##### RECORD EXCERPTS

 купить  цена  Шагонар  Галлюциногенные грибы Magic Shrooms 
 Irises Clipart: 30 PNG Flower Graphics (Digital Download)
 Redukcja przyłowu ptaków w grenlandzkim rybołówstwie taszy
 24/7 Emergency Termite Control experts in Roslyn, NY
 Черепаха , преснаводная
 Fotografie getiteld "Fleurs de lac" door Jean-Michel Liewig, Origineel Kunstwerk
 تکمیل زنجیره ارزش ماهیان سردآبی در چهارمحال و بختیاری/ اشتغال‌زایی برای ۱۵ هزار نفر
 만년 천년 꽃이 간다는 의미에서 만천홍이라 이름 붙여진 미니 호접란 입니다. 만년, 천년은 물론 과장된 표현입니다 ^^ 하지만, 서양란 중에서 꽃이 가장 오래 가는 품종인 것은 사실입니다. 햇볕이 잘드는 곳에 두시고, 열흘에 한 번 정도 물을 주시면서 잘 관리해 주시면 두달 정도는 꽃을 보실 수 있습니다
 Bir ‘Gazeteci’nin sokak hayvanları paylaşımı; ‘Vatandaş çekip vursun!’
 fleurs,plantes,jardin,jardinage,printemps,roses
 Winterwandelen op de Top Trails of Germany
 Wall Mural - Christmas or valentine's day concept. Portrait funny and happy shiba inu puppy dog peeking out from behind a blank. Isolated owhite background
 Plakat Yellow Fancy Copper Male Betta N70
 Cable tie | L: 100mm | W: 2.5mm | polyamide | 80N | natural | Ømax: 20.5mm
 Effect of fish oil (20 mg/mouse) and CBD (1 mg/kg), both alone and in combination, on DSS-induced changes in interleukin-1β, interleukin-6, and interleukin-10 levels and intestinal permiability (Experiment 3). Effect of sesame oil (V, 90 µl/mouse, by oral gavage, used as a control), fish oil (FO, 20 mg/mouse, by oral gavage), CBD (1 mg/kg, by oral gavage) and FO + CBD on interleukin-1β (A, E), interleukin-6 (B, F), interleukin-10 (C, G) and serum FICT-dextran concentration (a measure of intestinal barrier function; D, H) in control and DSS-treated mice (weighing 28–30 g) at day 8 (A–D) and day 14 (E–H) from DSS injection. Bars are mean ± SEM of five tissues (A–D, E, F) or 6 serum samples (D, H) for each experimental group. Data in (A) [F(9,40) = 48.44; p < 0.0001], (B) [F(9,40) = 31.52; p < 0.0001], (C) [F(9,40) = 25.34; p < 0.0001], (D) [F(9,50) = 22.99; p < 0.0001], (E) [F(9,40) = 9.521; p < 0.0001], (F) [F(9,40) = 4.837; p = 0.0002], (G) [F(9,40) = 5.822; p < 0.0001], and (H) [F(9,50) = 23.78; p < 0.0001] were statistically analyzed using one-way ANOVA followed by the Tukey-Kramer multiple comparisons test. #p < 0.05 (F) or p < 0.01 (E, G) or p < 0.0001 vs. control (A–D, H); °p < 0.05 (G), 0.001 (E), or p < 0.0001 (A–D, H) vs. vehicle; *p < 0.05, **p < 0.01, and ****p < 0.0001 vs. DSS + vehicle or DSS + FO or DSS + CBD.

##########

## YOUR INSTRUCTIONS
Return every entry exactly as given.

## OUTPUT BELOW
 купить  цена  Шагонар  Галлюциногенные грибы Magic Shrooms 
 Irises Clipart: 30 PNG Flower Graphics (Digital Download)
 Redukcja przyłowu ptaków w grenlandzkim rybołówstwie taszy
 24/7 Emergency Termite Control experts in Roslyn, NY
 Черепаха , преснаводная
 Fotografie getiteld "Fleurs de lac" door Jean-Michel Liewig, Origineel Kunstwerk
 تکمیل زنجیره ارزش ماهیان سردآبی در چهارمحال و بختیاری/ اشتغال‌زایی برای ۱۵ هزار نفر
 만년 천년 꽃이 간다는 의미에서 만천홍이라 이름 붙여진 미니 호접란 입니다. 만년, 천년은 물론 과장된 표현입니다 ^^ 하지만, 서양란 중에서 꽃이 가장 오래 가는 품종인 것은 사실입니다. 햇볕이 잘드는 곳에 두시고, 열흘에 한 번 정도 물을 주시면서 잘 관리해 주시면 두달 정도는 꽃을 보실 수 있습니다
 Bir ‘Gazeteci’nin sokak hayvanları paylaşımı; ‘Vatandaş çekip vursun!’
 fleurs,plantes,jardin,jardinage,printemps,roses
 Winterwandelen op de Top Trails of Germany
 Wall Mural - Christmas or valentine's day concept. Portrait funny and happy shiba inu puppy dog peeking out from behind a blank. Isolated owhite background
 Plakat Yellow Fancy Copper Male Betta N70
 Cable tie | L: 100mm | W: 2.5mm | polyamide | 80N | natural | Ømax: 20.5mm
 Effect of fish oil (20 mg/mouse) and CBD (1 mg/kg), both alone and in combination, on DSS-induced changes in interleukin-1β, interleukin-6, and interleukin-10 levels and intestinal permiability (Experiment 3). Effect of sesame oil (V, 90 µl/mouse, by oral gavage, used as a control), fish oil (FO, 20 mg/mouse, by oral gavage), CBD (1 mg/kg, by oral gavage) and FO + CBD on interleukin-1β (A, E), interleukin-6 (B, F), interleukin-10 (C, G) and serum FICT-dextran concentration (a measure of intestinal barrier function; D, H) in control and DSS-treated mice (weighing 28–30 g) at day 8 (A–D) and day 14 (E–H) from DSS injection. Bars are mean ± SEM of five tissues (A–D, E, F) or 6 serum samples (D, H) for each experimental group. Data in (A) [F(9,40) = 48.44; p < 0.0001], (B) [F(9,40) = 31.52; p < 0.0001], (C) [F(9,40) = 25.34; p < 0.0001], (D) [F(9,50) = 22.99; p < 0.0001], (E) [F(9,40) = 9.521; p < 0.0001], (F) [F(9,40) = 4.837; p = 0.0002], (G) [F(9,40) = 5.822; p < 0.0001], and (H) [F(9,50) = 23.78; p < 0.0001] were statistically analyzed using one-way ANOVA followed by the Tukey-Kramer multiple comparisons test. #p < 0.05 (F) or p < 0.01 (E, G) or p < 0.0001 vs. control (A–D, H); °p < 0.05 (G), 0.001 (E), or p < 0.0001 (A–D, H) vs. vehicle; *p < 0.05, **p < 0.01, and ****p < 0.0001 vs. DSS + vehicle or DSS + FO or DSS + CBD.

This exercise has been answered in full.